Salmon Fishing near Kingston, Washington
Kingston was named after one of its founding fathers, but it most certainly could have been named after the Chinook, or King Salmon that congregate in great numbers in front of the harbor. This is one of my all time favorite places on the planet to salmon fish, and it is less than a fifteen minute boat ride from Seattle.
Kingston’s underwater terrain is complex, and creates places that Salmon want to concentrate on both sides of the tide. Expect to see plenty of boats in the prime areas during the summer, as this place is no secret. Yet it remains one of the most productive areas for catching Chinook Salmon as well as Coho.
Where is Kingston, Washington?
The seaside town of Kingston, Washington is located on the Kitsap Peninsula. It is a quick jaunt across Puget Sound from several large Seattle area marinas. It is located 7.4 miles to the Northwest of Seattle’s Shilshole Marina and 4.5 miles to the Southwest of the Edmond’s Marina.
About a mile north of Kingston’s harbor is Apple Cove Point, which marks the boundaries of two Puget Sound marine areas. South of the point is considered Marine Area 10, with Marine Area 9 to the north.
Kingston Salmon Fishing Map
How to Fish For Salmon Near Kingston
This area is a special place because it is an optimal spot for the downrigger trolling fleet as well as the old-school mooching crowd. As hectic as it can be, this is an area where trollers and moochers work close by each other in relative harmony.
There is a bar that stretches around from the Kitsap mainland and protects the deep trough that is just to the north of the ferry lanes. The interesting structure that makes up the Kingston area holds an impressive amount of bait for most of the summer, allowing salmon to move from one side of the Kingston Bar to the other and have plenty of forage without needing to leave the area.
To learn more about mooching, check out this link.
Fishing an Outgoing Tide
An outgoing tide concentrates bait in the Kingston Bowl, to the inside of the Kingston Bar.
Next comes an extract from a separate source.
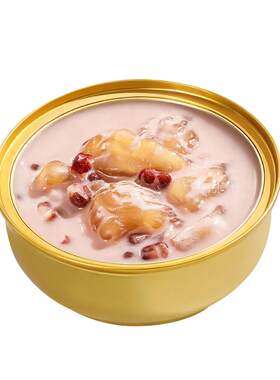 吉膳堂蜜豆牛奶鲜炖花胶180g*6碗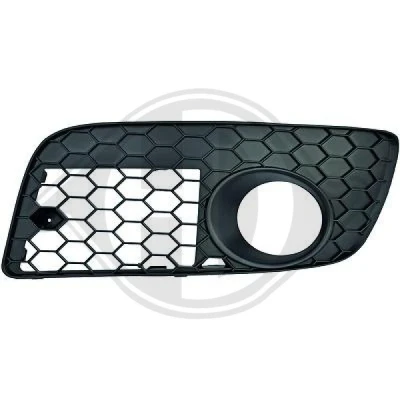 Kuva DIEDERICHS 2214249 Puskurin Ritilä Vasen Sumuvaloilla vasrustetuille autoille VOLKSWAGEN: Golf 5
Moochers consider this sacred ground, and one of the best locations in Puget Sound for them to practice their craft. Trolling can be very productive here as well, just remember that the best concentration of bait and salmon occurs here in the Kingston Bowl during the biggest tides, so it’s pretty much a northbound troll from the ferry lanes to the shallows at the north end, pick up your gear and run back and repeat.
Fishing an Incoming Tide
After the tide change, the incoming currents flush most of the bait out of the Kingston Bowl and it’s time time move the the outer Kingston Bar. It’s a nice southbound troll from Apple Cove Point down the outside of the bar to the end. Sometimes the top of the bar can be productive, it completely depends on where you find the bait. I’d dredge bottom with trolling gear. If you are mooching, look for any area that has a good concentration of bait and do your best to set up a good drift.